* [What to do]
The line with "Traditional moroccan stool" marks the first line to copy, and the line with "WANDBILDER 3er-Set - 40x60" marks the last. Transcribe that stretch of the data below exactly, without pictures.

* [Data supplied]
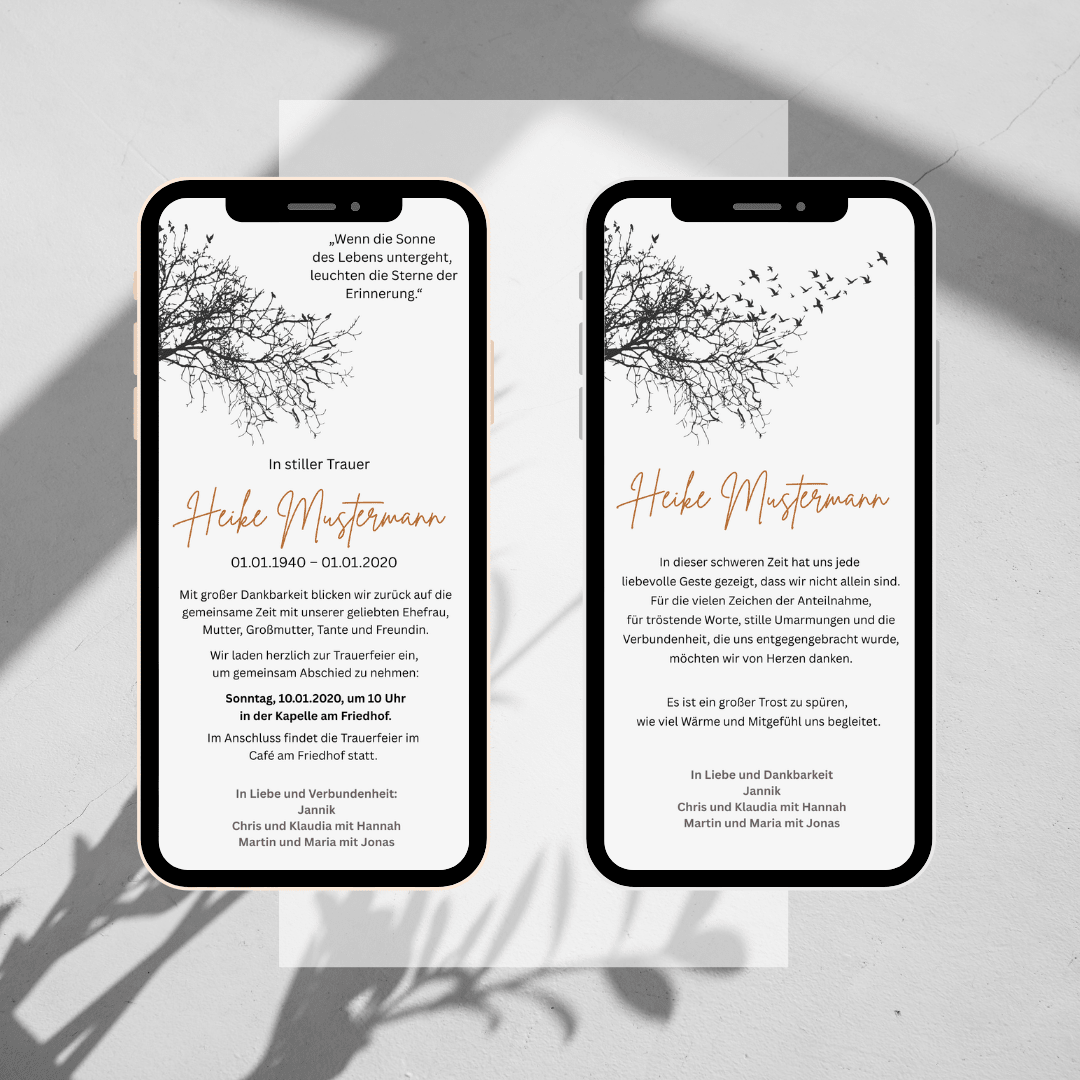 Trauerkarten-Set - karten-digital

---

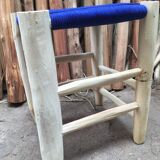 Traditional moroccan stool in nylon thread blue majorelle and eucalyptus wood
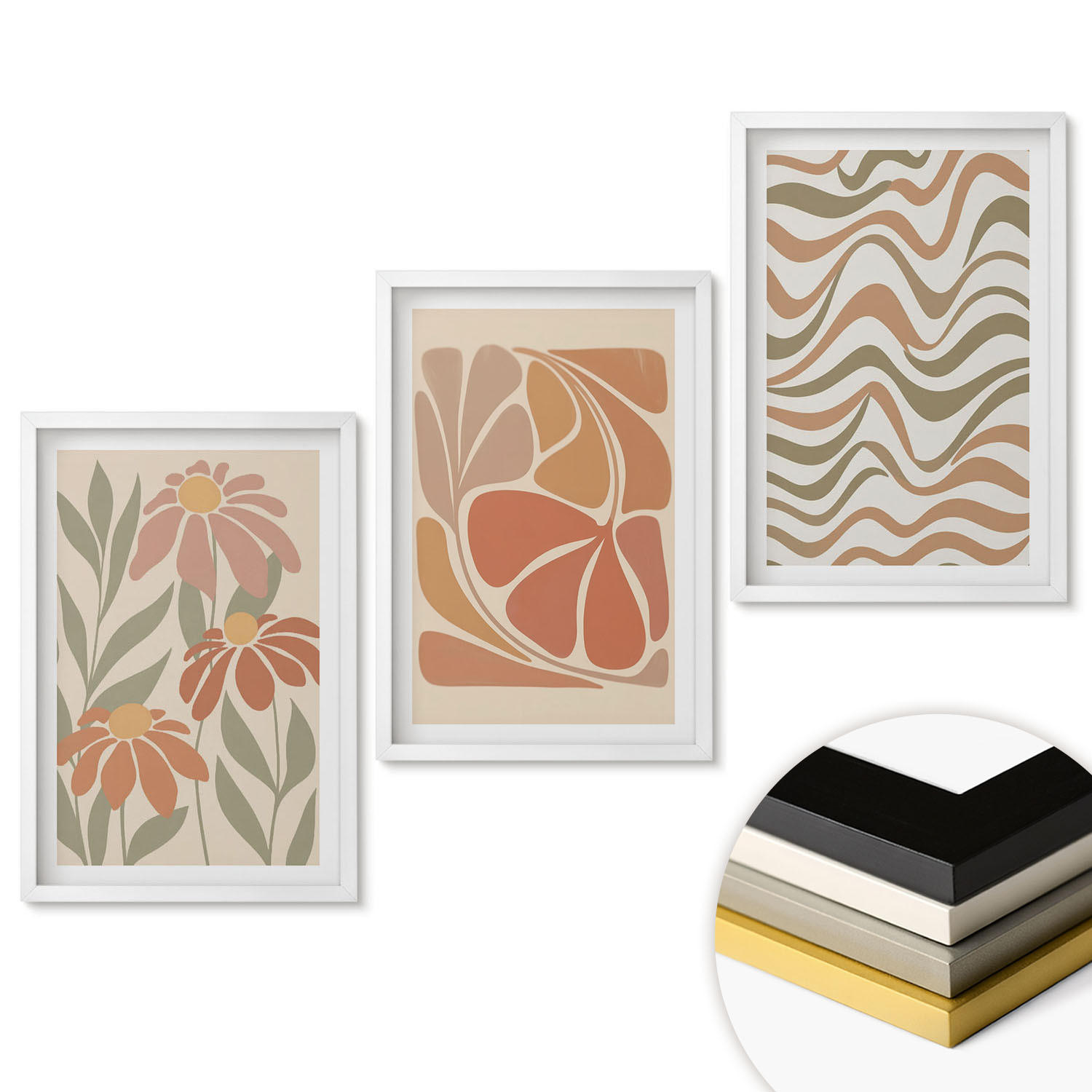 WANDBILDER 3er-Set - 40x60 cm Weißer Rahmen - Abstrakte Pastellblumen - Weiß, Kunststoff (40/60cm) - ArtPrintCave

* [Answer]
 Traditional moroccan stool in nylon thread blue majorelle and eucalyptus wood
 WANDBILDER 3er-Set - 40x60 cm Weißer Rahmen - Abstrakte Pastellblumen - Weiß, Kunststoff (40/60cm) - ArtPrintCave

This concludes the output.